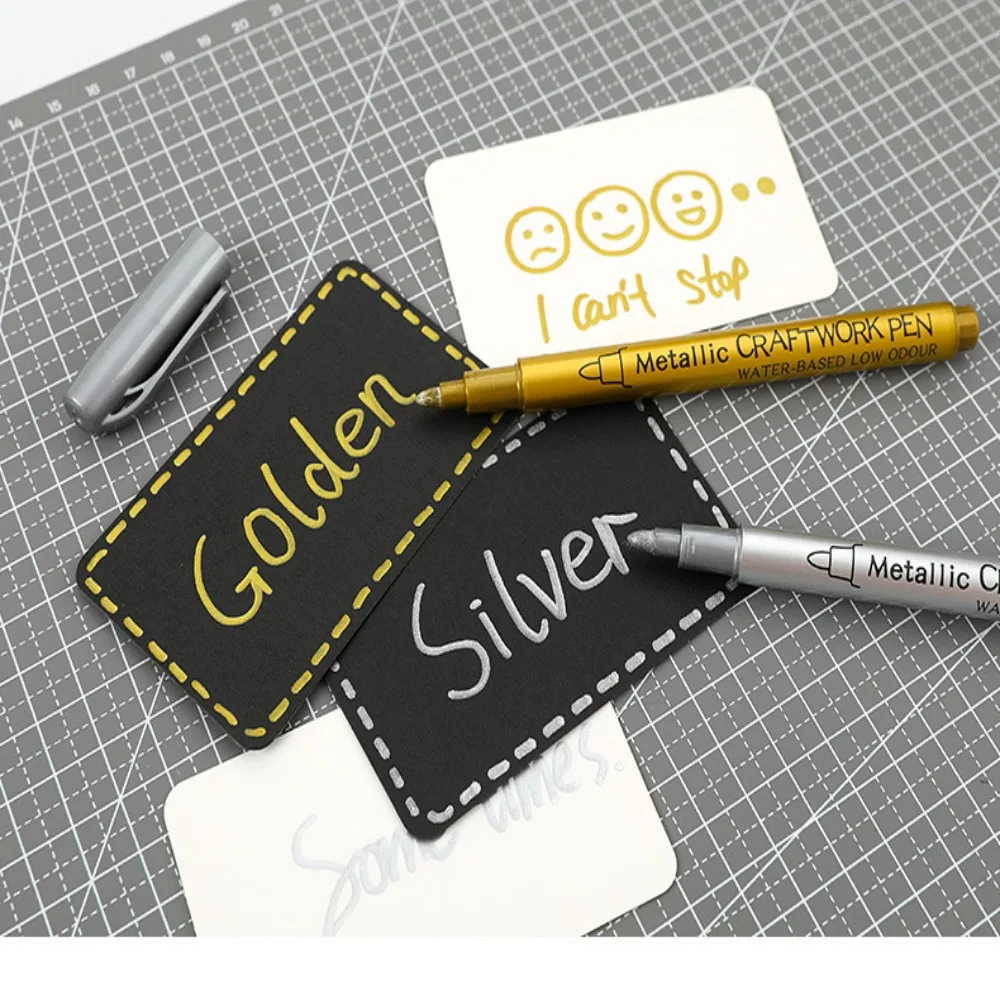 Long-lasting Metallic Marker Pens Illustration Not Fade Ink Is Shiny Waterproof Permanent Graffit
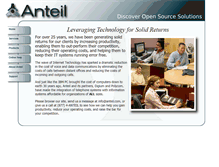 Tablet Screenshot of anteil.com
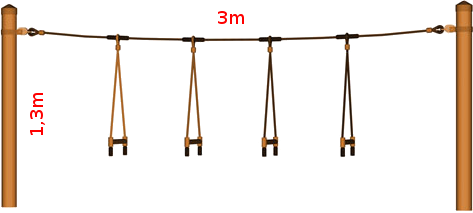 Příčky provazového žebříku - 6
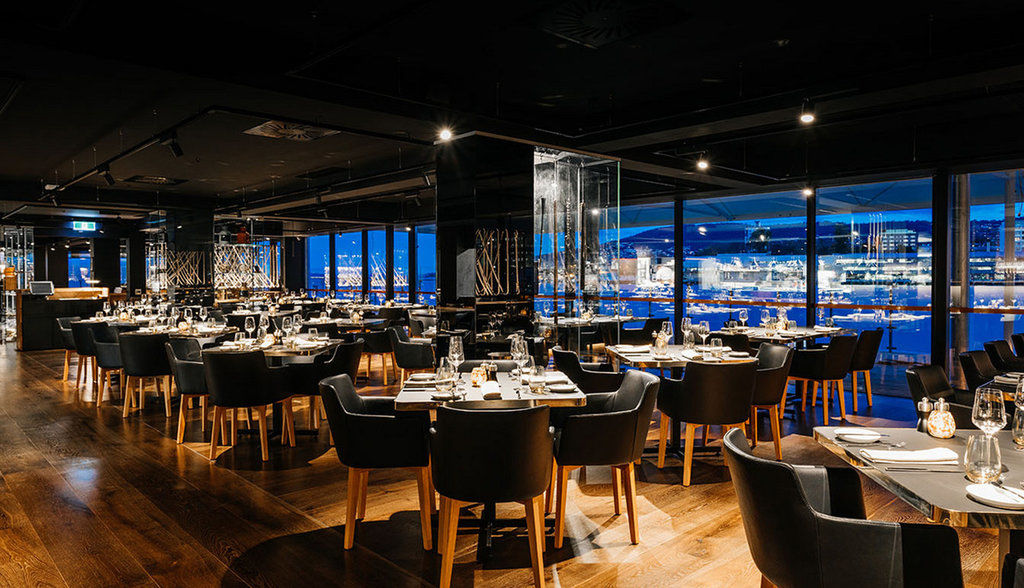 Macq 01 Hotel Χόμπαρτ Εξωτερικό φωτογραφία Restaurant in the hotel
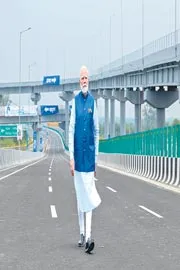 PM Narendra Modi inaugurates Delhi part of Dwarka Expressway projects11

---

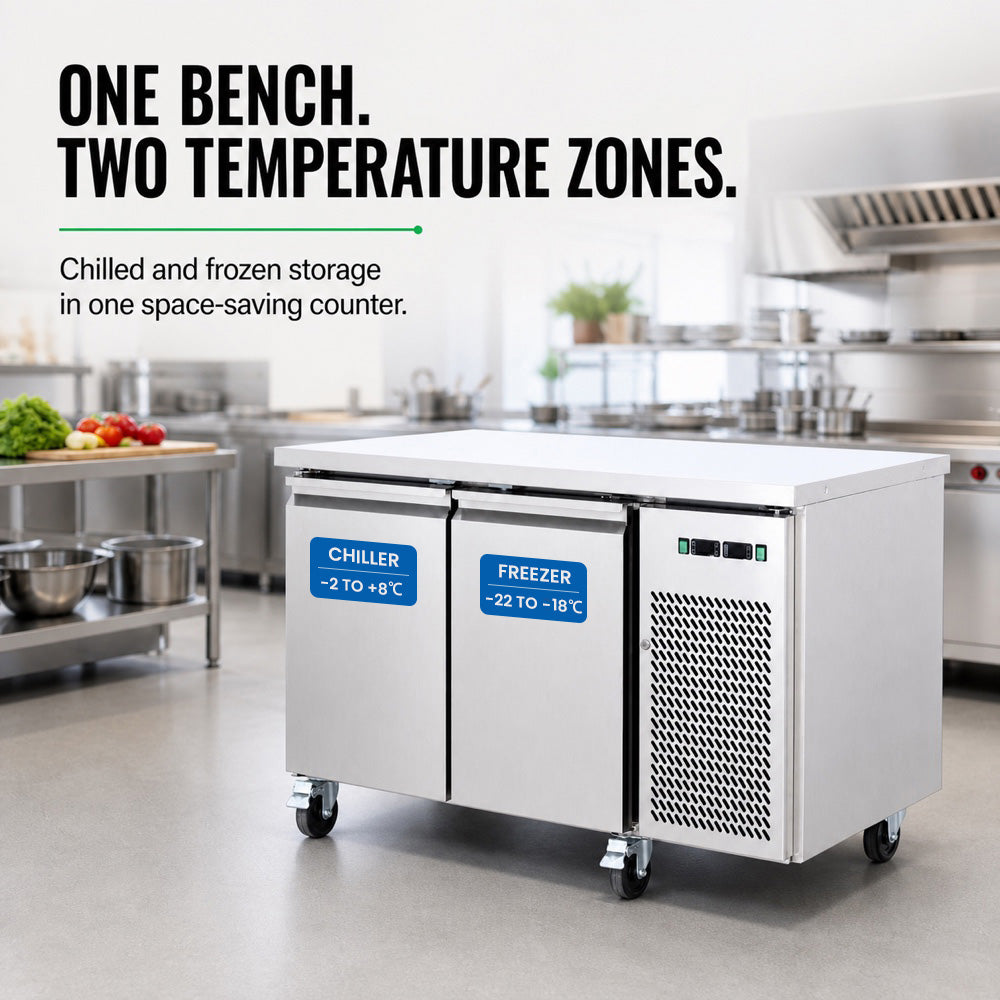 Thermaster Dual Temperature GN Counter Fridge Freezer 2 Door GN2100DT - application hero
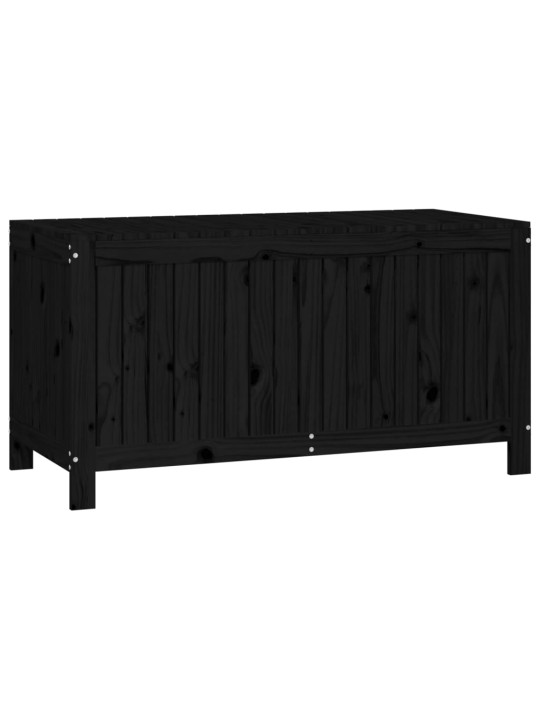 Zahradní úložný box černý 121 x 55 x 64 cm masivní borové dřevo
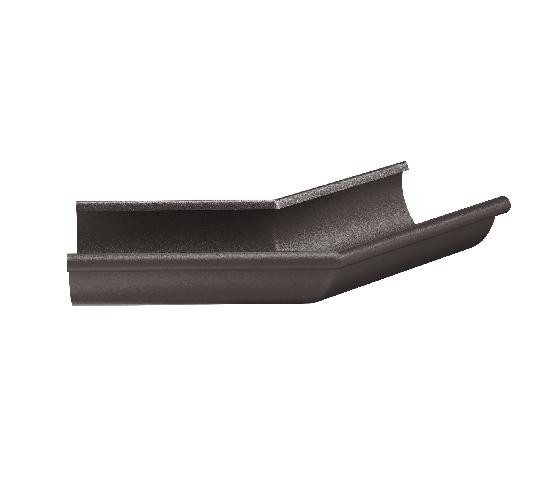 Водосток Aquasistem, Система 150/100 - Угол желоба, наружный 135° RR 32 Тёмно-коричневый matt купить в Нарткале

> _WHAT IS BEING ASKED_: Copy out exactly the lines above beginning with the line that contains "Tablet Screenshot of anteil.com" and finishing with the line that contains "PM Narendra Modi", including both; leave the pictures out.

> _EXERCISE OUTPUT_:
 Tablet Screenshot of anteil.com
 Příčky provazového žebříku - 6
 Macq 01 Hotel Χόμπαρτ Εξωτερικό φωτογραφία Restaurant in the hotel
 PM Narendra Modi inaugurates Delhi part of Dwarka Expressway projects11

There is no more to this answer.